En el terreno de la administración pública, este efecto tiene consecuencias devastadoras. No es difícil advertir que, en nuestro país, una gran parte de los funcionarios designados en puestos clave son nombrados no por su capacidad técnica o mérito profesional, sino por fidelidad partidaria o clientelismo político. En consecuencia, ocupan cargos para los cuales carecen de las aptitudes necesarias.
Ahí es donde el efecto Dunning-Kruger se manifiesta con fuerza: decisiones tomadas por incompetentes seguros de sí mismos, convencidos de tener la razón y arropados por aduladores que refuerzan su falsa sensación de acierto.
De esta dinámica surgen las políticas públicas inadecuadas, la mala inversión de los recursos y la ineficiencia estructural del Estado.
No es casual que, en los últimos años, el Ejecutivo haya tenido que revertir medidas, leyes o resoluciones por carecer de un análisis técnico o una ponderación responsable.
El reciente retiro del anteproyecto de la Ley de modernización fiscal (2024) es un ejemplo claro: el propio Gobierno reconoció que su alcance debía ajustarse a alternativas más viables.
El clientelismo como hábito social
El clientelismo político es un hábito arraigado en las entrañas de nuestra cultura, el político, en busca de apoyo, promete cargos y prebendas; el ciudadano, a su vez, los acepta como recompensa o favor personal. Así, ambos se alimentan mutuamente en un ciclo interminable donde el mérito pierde valor.
Este intercambio distorsiona la relación entre Estado y sociedad: el ciudadano deja de ver al Estado como garante de derechos y lo percibe como fuente de favores personales.
Mientras esta práctica se mantenga, el efecto Dunning-Kruger seguirá repitiéndose, pues los cargos se seguirán otorgando sin la debida ponderación y en muchos casos a los menos capacitados.
El costo de esta costumbre es enorme: un gasto público ineficiente, decisiones improvisadas y, sobre todo, una pérdida creciente de confianza en las instituciones.
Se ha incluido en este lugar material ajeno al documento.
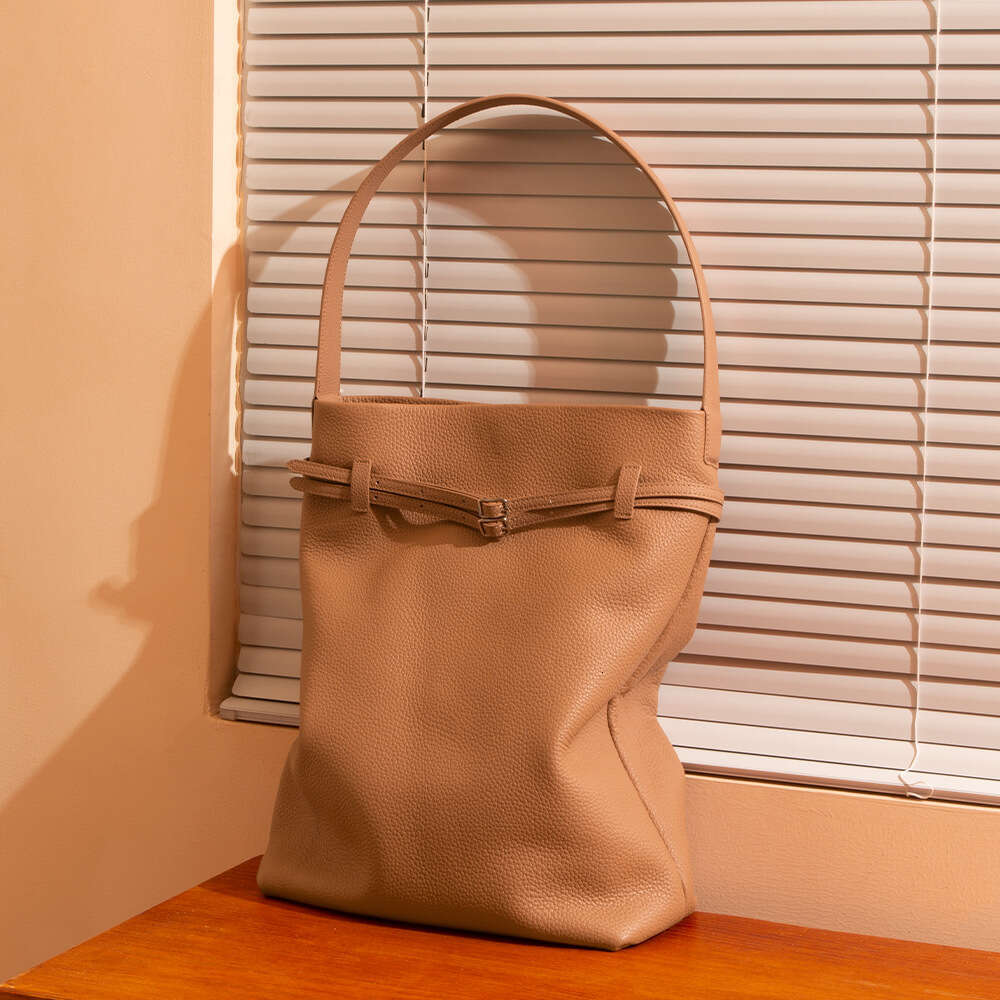 Luxury bag Spring New Top Layer Cowhide Handbag High end Genuine Leather for Women Niche Design Underarm Shoulder Bag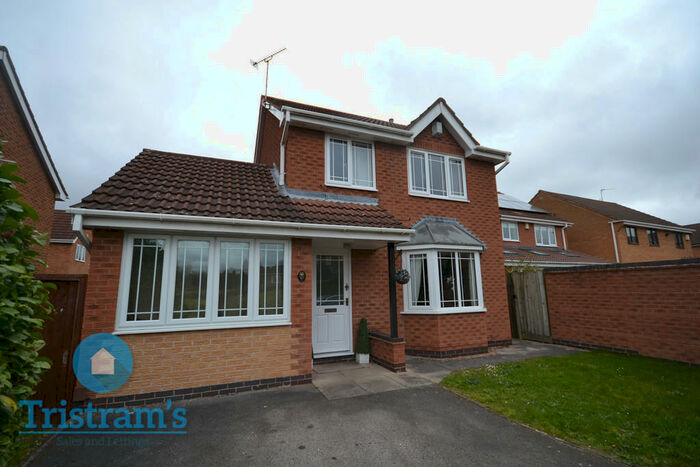 3 Bedroom Detached House To Rent In Elterwater Drive, Gamston, Nottingham, NG2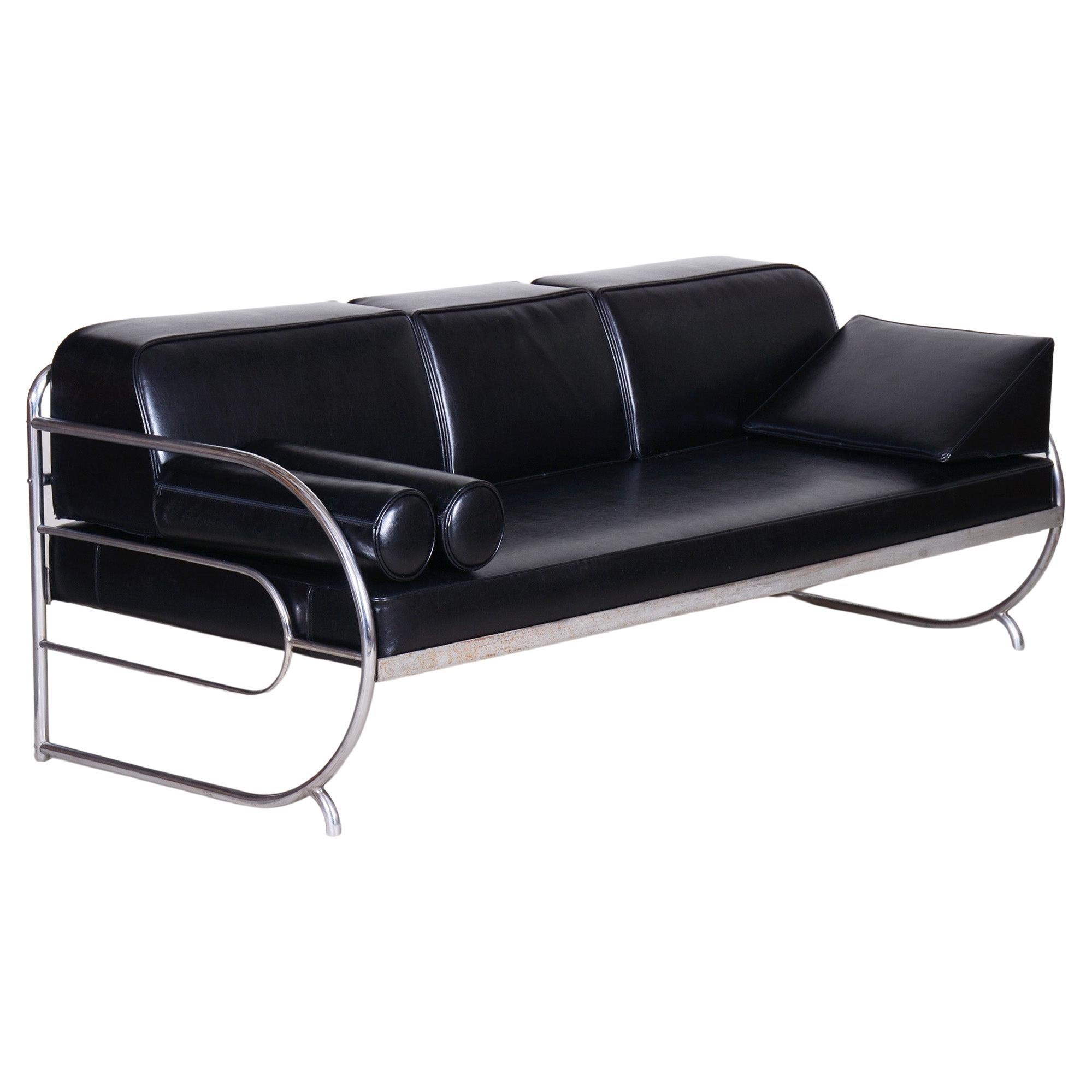 Fully Restored Bauhaus Black Leather Tubular Chrome Sofa by Robert Slezák, 1930s For Sale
Profesionalizar la función pública
Superar este ciclo exige una reforma profunda: la profesionalización de la función pública. Nombrar funcionarios sin méritos ni preparación no solo es un acto de irresponsabilidad política; es también la perpetuación del efecto Dunning-Kruger en la estructura del Estado.
Para garantizar eficiencia, el país debería legislar para que todo aspirante a cargo público cumpla requisitos mínimos de formación técnica y mérito profesional.
No podemos seguir permitiendo que la improvisación y la lealtad política sustituyan la competencia.
De la burocracia a la tecnocracia
El fortalecimiento del Estado solo se logrará cuando esté libre del clientelismo y se abandone la práctica de premiar la lealtad por encima de la capacidad.
Una solución viable sería la creación de un Ministerio de Administración Pública verdaderamente independiente, con autoridad para regular, evaluar y sancionar el desempeño de los funcionarios, sin injerencia del Poder Ejecutivo.
Sería esta institución la llamada a aprobar los nombramientos propuestos por el Gobierno, garantizando que cada designación responda a mérito y no a compromiso partidario.
Ejemplos existen: Chile, que desde 2004 implementó profundas reformas al servicio civil reduciendo drásticamente los cargos de libre designación; o Grecia, que en 2010, bajo el Plan Calícrates, limitó la discrecionalidad en los nombramientos públicos.
Solo así podremos aspirar a que nuestro Estado evolucione de la burocracia hacia una tecnocracia, capaz de construir políticas basadas en conocimiento, eficiencia y verdadero servicio público.
Cuando la competencia sustituya al favor, y el mérito al amiguismo, el Estado dominicano dejará de ser un botín político para convertirse en un proyecto de nación que garantizara su desarrollo.